Pour résumer, je dirais que l’humanité s’est rêvée Destin et s’est réalisée Mensonge. Aujourd’hui, l’humanité ne se rêve plus, les utopies ont été trahies et nous sombrons dans un matérialisme démocratique féroce, à tendance nihiliste, où la concurrence devient une lutte meurtrière pour la survie.
Le seul destin de l’humanité serait donc de périr dans un chaos final…
Oui. C’est en tous les cas ce que je vois se dessiner. Jour après jour, j’observe avec tristesse que les hommes ne sont plus mus que par leur salut matériel. Et quand ils ne s’entretuent pas pour cela, ils sombrent dans le fanatisme.
Comment en est-on arrivé là ?
Les hommes, dans le passé ont toujours été mus par des mythologies, des croyances communes, des utopies et, plus généralement, par un salut spirituel ou moral. La rupture a eu lieu aux XVIIème et XVIIIème siècles, avec l’émergence des « Lumières », les lumières de la Raison. Dès lors, on s’est mis à définir l’homme rationnellement, à partir du donné empirique, et à en faire, finalement, un objet de connaissance. Le salut était, désormais, dans la connaissance, et plus dans la croyance. Les sciences empiriques progressant au cours des siècles suivants, en particulier les sciences cognitives. Cet objet de connaissance, qui était encore un objet métaphysique pour Descartes et Spinoza, a alors été réduit à un objet empirique. Au point qu’aujourd’hui, les neurosciences cognitives considèrent la pensée, en elle-même, comme un phénomène physico-chimique, une combinaison empirique, une configuration matérielle. L’esprit est ainsi réduit à la matière et l’homme à du matériel. Le salut de l’homme devient donc strictement matériel. L’exclusivisme empirique de la Raison, aujourd’hui, est une idéologie totalitaire qui nous plonge dans la servitude au matériel. C’est la pire des servitudes, car elle asservit ce qu’il y a de plus intime en l’homme, ses pensées.

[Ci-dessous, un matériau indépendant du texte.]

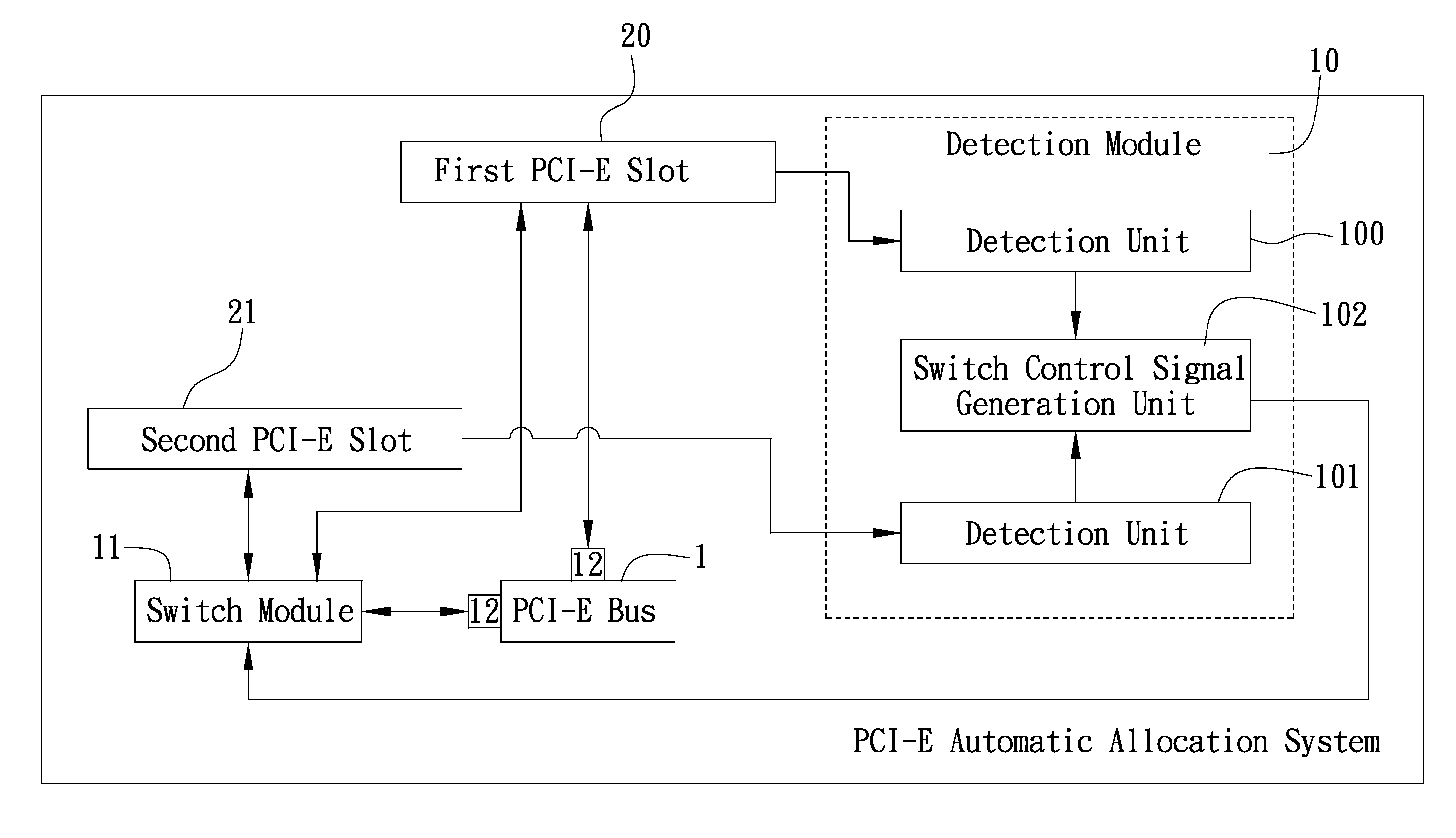 PCI-E automatic allocation system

Ne peut-on plus sortir de cette servitude ?
Les neurosciences cognitives n’ont, jusqu’à aujourd’hui, pas percé l’énigme de l’imagination, elles n’ont pas réussi à la réduire à un phénomène matériel. Il faut bien voir que la rationalité elle-même, n’est qu’une configuration possible de l’imagination, car rationaliser n’est jamais qu’imaginer des causes toujours plus cohérentes. Dans mon livre, je pars donc de l’imagination, pour tenter d’émanciper l’esprit de cette servitude.

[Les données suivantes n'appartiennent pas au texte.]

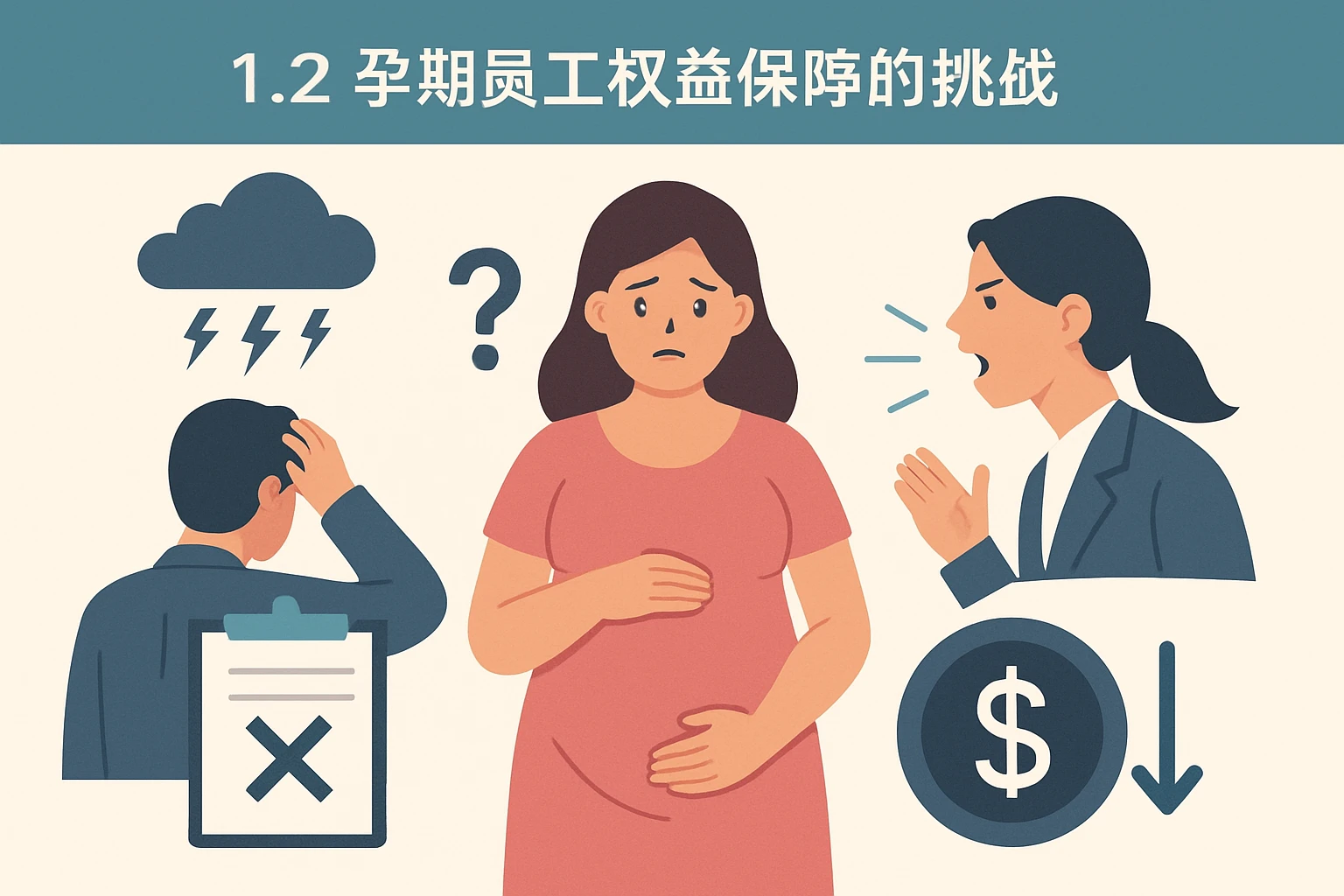 1.2 孕期员工权益保障的挑战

Il y a donc un espoir de s’en sortir ?
Par une initiative individuelle, sans doute. Mais pas d’un point de vue collectif. Les puissances oligarchiques financières aggravent, encore, notre servitude au salut matériel en nous enchainant à l’endettement. Et nous y sommes tellement enchainés que nous ne voyons notre liberté qu’après notre salut matériel. Nous ne concevons même plus d’être libres par l’esprit. Placer le salut matériel comme préalable à tout autre salut est justement ce qui fonde l’idéologie religieuse de ces puissances financières, à savoir l’idéologie vétérotestamentaire. Dans celle-ci, non seulement le Messie n’est reconnu que s’il apporte le salut matériel avant tout autre chose, mais il est, en plus, prescrit explicitement dans le Deutéronome (28, 12-13) que la domination sur les autres nations se fera par l’endettement, « …tu prêteras à beaucoup de nations et tu n’emprunteras point. L’Eternel fera de toi la tête et non la queue… ». Nous sommes donc asservis à deux idéologies conjuguées : l’exclusivisme empirique de la Raison et l’idéologie vétérotestamentaire. La seconde (pas visible) prospérant sur la première (visible), au nom de la liberté et de l’égalité le pervers devenant égal au juste. S’en émanciper exige individuellement un effort intellectuel et spirituel soutenu, subtil et profond, chose qui ne peut être envisagée collectivement, surtout dans une période de crise planétaire aussi violente que la nôtre.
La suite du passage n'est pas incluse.